La quatrième et dernière section du volume réunit deux textes qui présentent deux parcours individuels. Le premier fait le portrait d’Antoine « Fracassonne » (Ferguson), un Métis de Saint-Laurent-de-Grandin en Saskatchewan. Après avoir donné quelques éléments contextuels sur l’histoire des Métis de l’Ouest canadien, Robert A. Papen y relate, de manière personnalisée et intime, sa rencontre avec ce locuteur du français mitchif et du mitchif, langue mixte bilingue composée de cri et de français. Si l’on suit le chercheur dans sa découverte du parcours d’Antoine Ferguson et des pratiques et attitudes linguistiques de ce dernier, Papen nous convie également à découvrir la genèse de son intérêt pour cette variété de français et cette langue de l’Ouest canadien, intérêt qui déterminera son propre parcours de linguiste. Il partage aussi un pan du patrimoine métis en proposant la transcription de plusieurs chansons du répertoire du Métis. Ce portrait exemplifie de manière évidente la richesse que peut receler une entrevue et l’importance qu’une simple rencontre peut avoir sur une carrière.

Le dernier texte du volume s’organise également autour d’un individu, Paul, un locuteur acadien des Îles-de-la-Madeleine. Dans cette étude de dialectologie consacrée au phénomène de la variation stylistique, Carmen LeBlanc propose de considérer quatre situations d’interactions et deux registres de parole (narration de contes et de récits anecdotiques) au cours de deux époques de la vie de Paul afin d’examiner si l’un ou l’autre de ces paramètres ont un effet sur les formes linguistiques qu’il emploie. Les variables étudiées sont lexicales (emprunts à l’anglais, archaïsmes et régionalismes) et morphosyntaxiques (interrogatives totales et morphologie verbale à la 3e personne du pluriel). La chercheuse formule trois hypothèses : certaines formes non standards devraient être plus employées lorsque l’auditoire est constitué de membres de la famille de Paul, le registre de parole ne devrait avoir que peu d’effet sur le style et les données plus anciennes devraient contenir plus de formes du parler acadien local. En conclusion de son étude, LeBlanc constate que même si ses hypothèses ne se voient pas clairement confirmées, quelques généralisations sont possibles. Les analyses révèlent notamment certaines particularités propres aux contes : ces derniers contiennent plus d’archaïsmes lexicaux, moins d’emprunts et l’inversion dans l’interrogation y est favorisée.

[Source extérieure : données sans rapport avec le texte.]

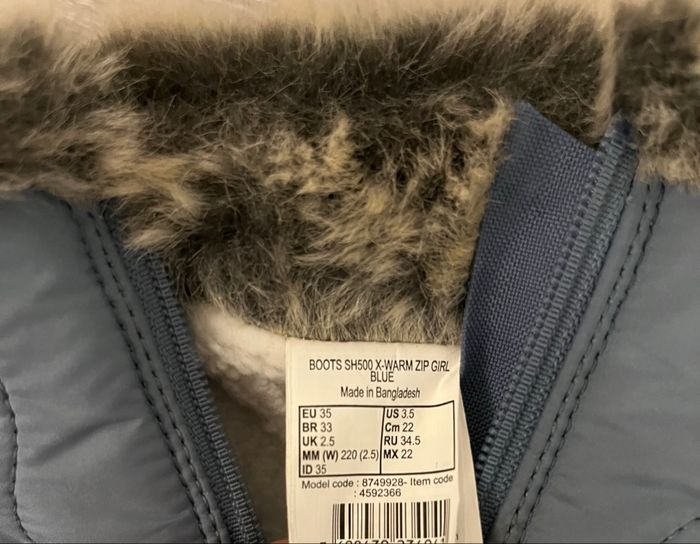 Bottes de neige chaudes et imperméables quechua taille 35 - photo numéro 4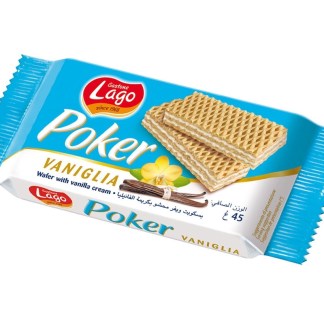 Lago Poker Wafer With Vanilla 20X45G
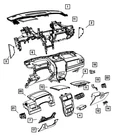 Genuine Mopar Glove Box Door Latch Striker 68002150AB New. Price: $19.83.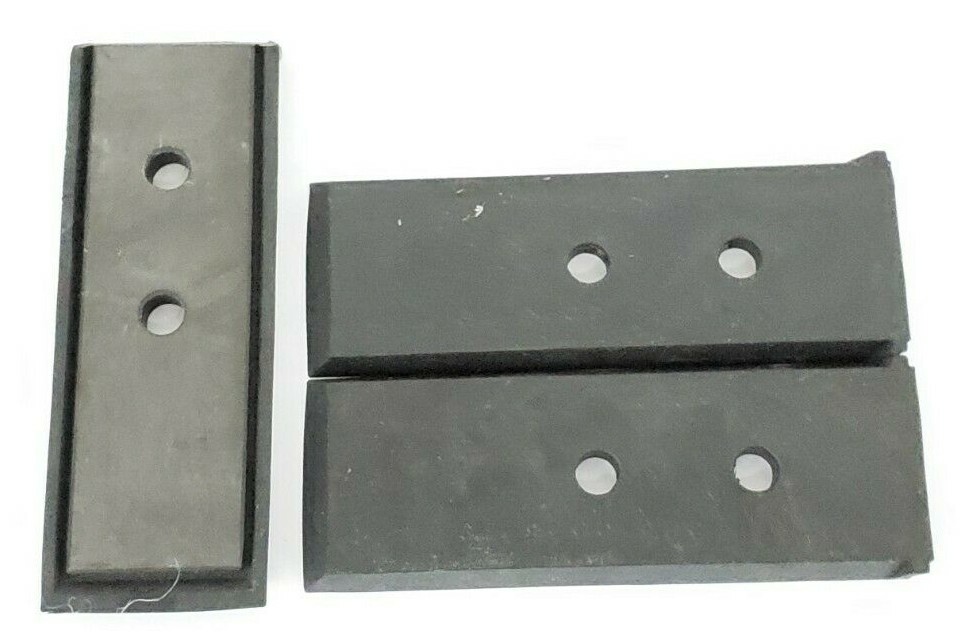 Used LOT OF 3 NEW OKUMA H1023-0025-19 WIPERS LU45 LOWER CLOSS-SLIDE (BACK PLATE LEFT)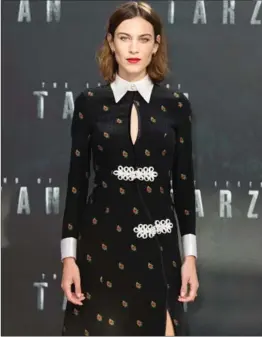  ?? ,GETTY ?? Alexa Chung attends of "The Legend Of Tarzan" in London earlier this month.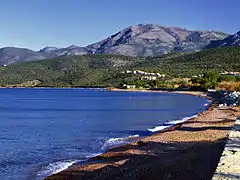 Plage de l’Ospedale côté est et le blockhaus.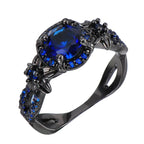 Anello vintage con zaffiro nero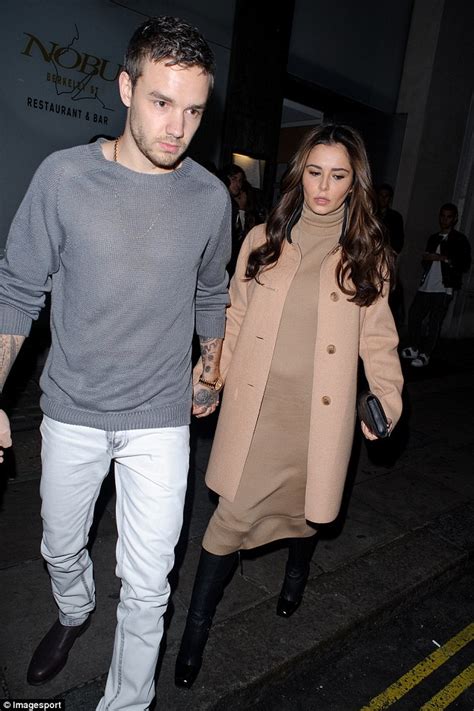 pregnant cheryl covers up out with liam payne on date night in london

À l’issue de la lecture de ce volume, on constate qu’il tient sa promesse : l’individu, qu’il écrive ou qu’il parle, se trouve au coeur de la plupart des contributions de l’ouvrage. Les études analysent une palette de corpus francophones issus de contextes géographiques, sociaux et historiques divers et reflètent adéquatement la variété des intérêts que France Martineau a eus tout au long de sa carrière. Les références à ses travaux sont régulières dans le volume et plusieurs contributions soulignent l’importance et le caractère pionnier de ses recherches : en ce sens, c’est bel et bien un hommage fort mérité, que ces linguistes adressent à la chercheuse.